[Data for analysis — start]

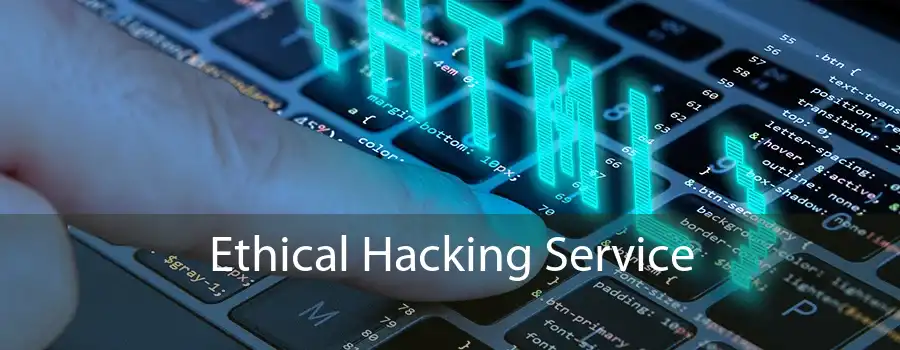 Ethical Hacking Service 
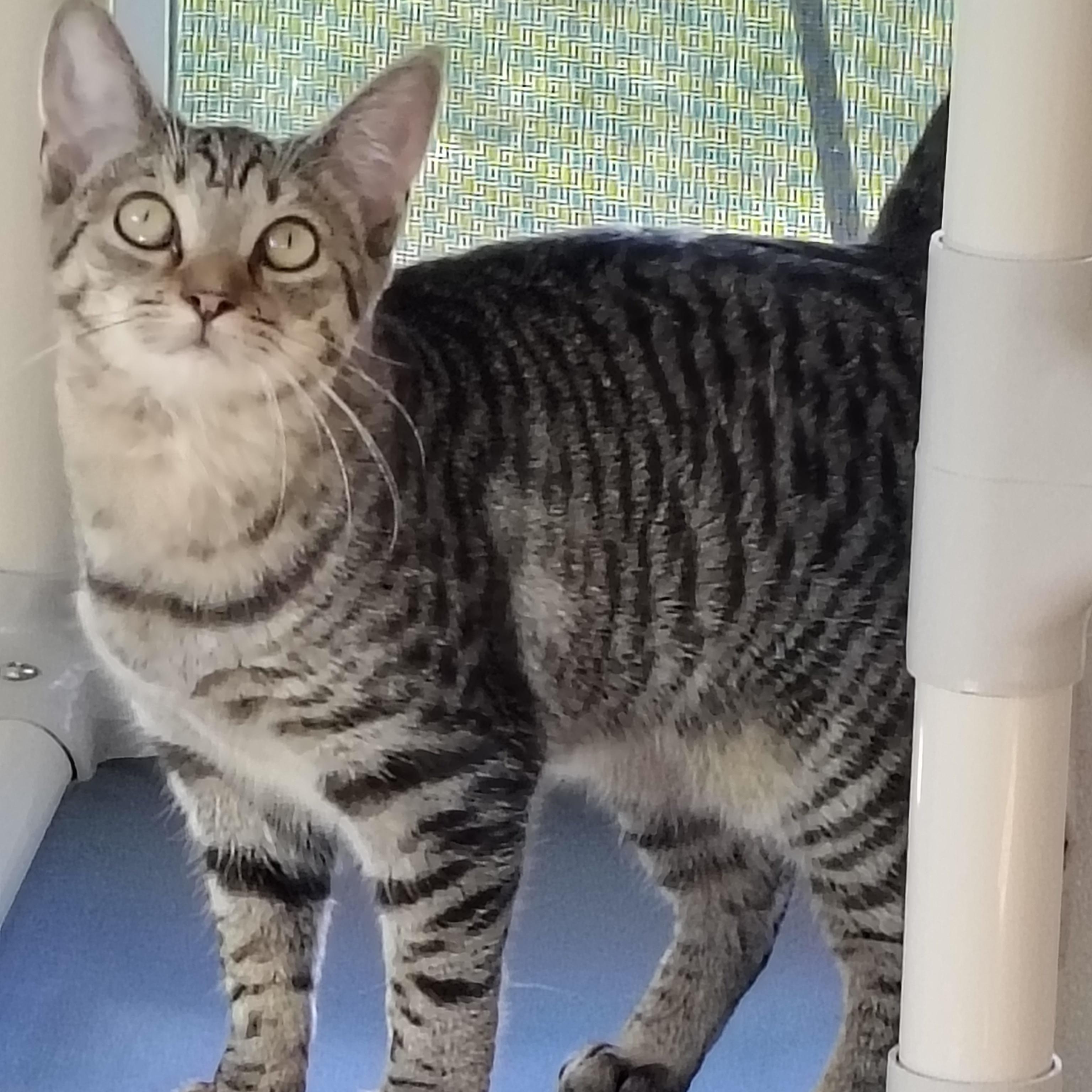 Mimi, Adoptable, Kitten Female Tabby & Domestic Short Hair.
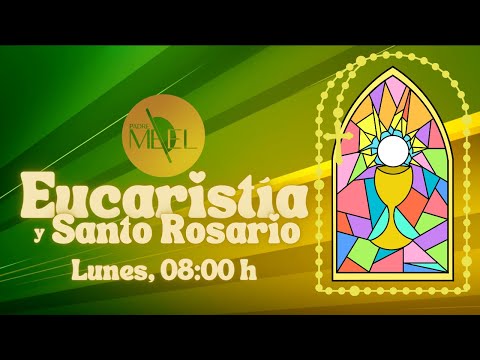 Eucaristía en la fiesta de Santa María Magdalena y Santo Rosario, 22 de julio de 2024.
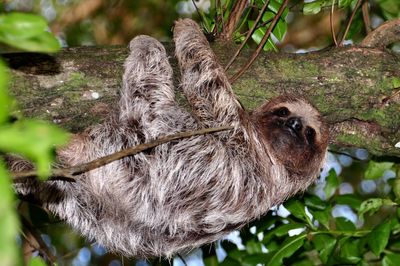 7 bedroom house for sale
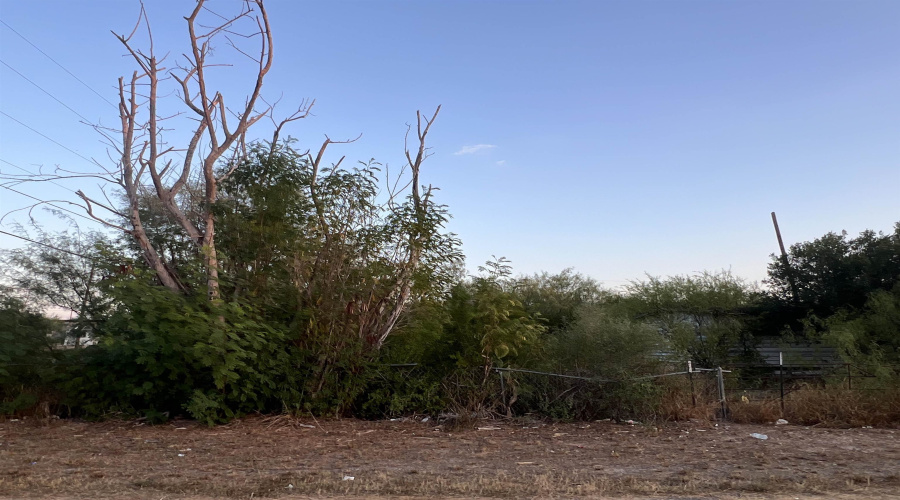 916 Villa Ave, Zapata, Texas 78076, ,Land,For Sale,916 Villa Ave,20254864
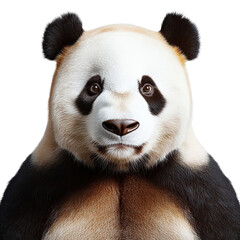 Obraz premium A cute panda bear resting peacefully among green bamboo foliage in its natural habitat isolated on a white background.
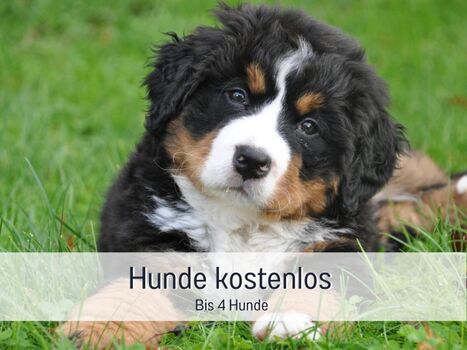 Bis 4 Hunde kostenlos 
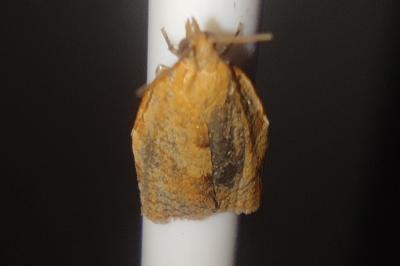 Clepsis consimilana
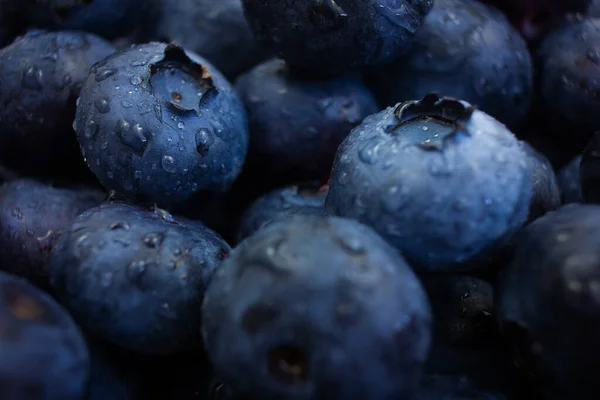 Macro Shot Blueberry Water Drops Berry Background — Fotografia de Stock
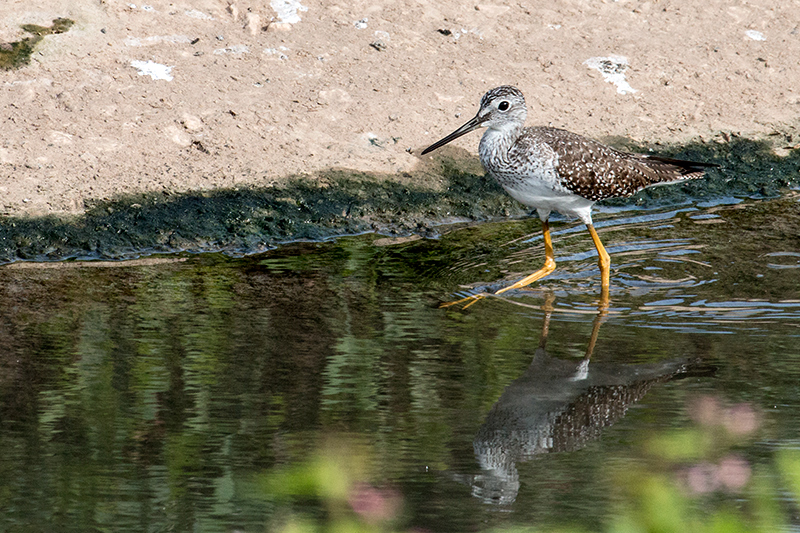 Greater Yellowlegs, San Luis Ditch, Cuba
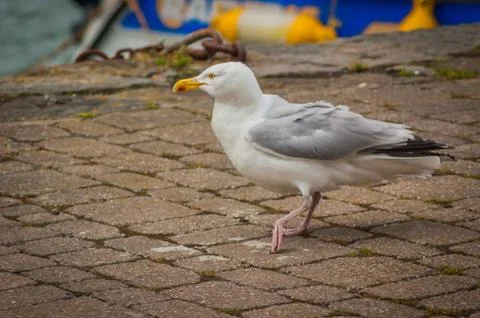 Herring Gull Walking on Stone Path Stock Photos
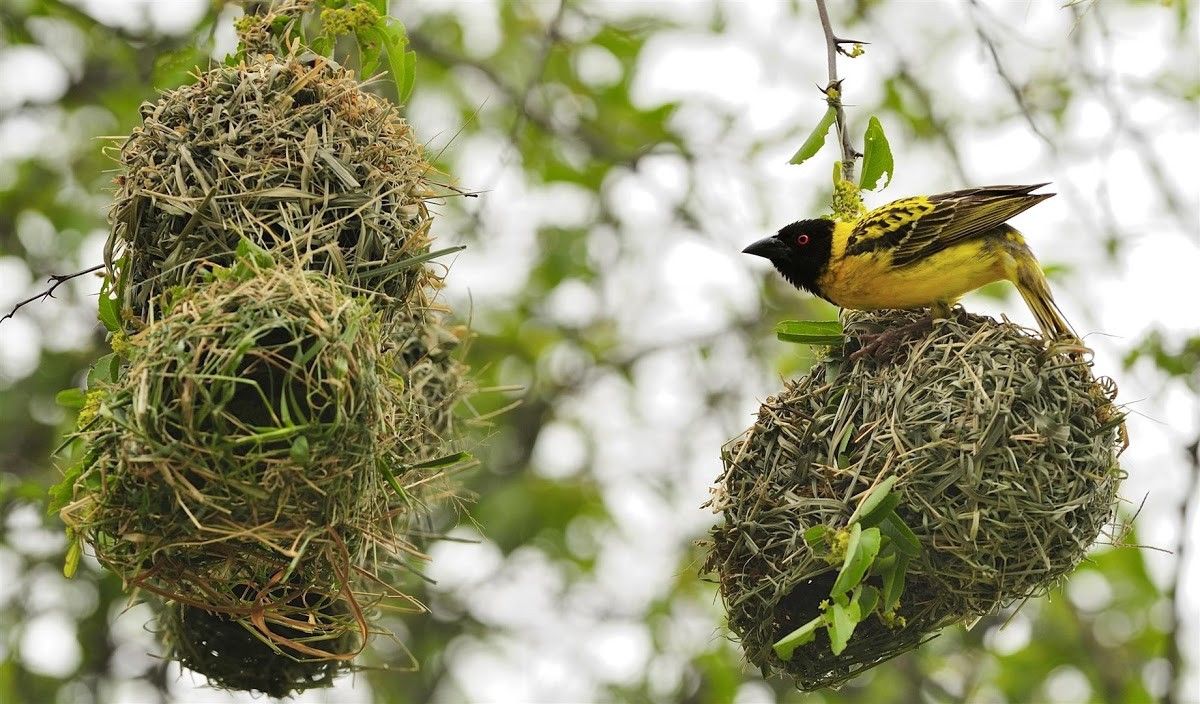 Astonishing Birdlife of Mana Pools National Park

[Data for analysis — finish]

Task details: The expected output is the run of lines from the one containing "Obraz premium A" to the last line of the listing above, both included, word for word and free of pictures.

Solution to this task:
 Obraz premium A cute panda bear resting peacefully among green bamboo foliage in its natural habitat isolated on a white background.
 Bis 4 Hunde kostenlos 
 Clepsis consimilana
 Macro Shot Blueberry Water Drops Berry Background — Fotografia de Stock
 Greater Yellowlegs, San Luis Ditch, Cuba
 Herring Gull Walking on Stone Path Stock Photos
 Astonishing Birdlife of Mana Pools National Park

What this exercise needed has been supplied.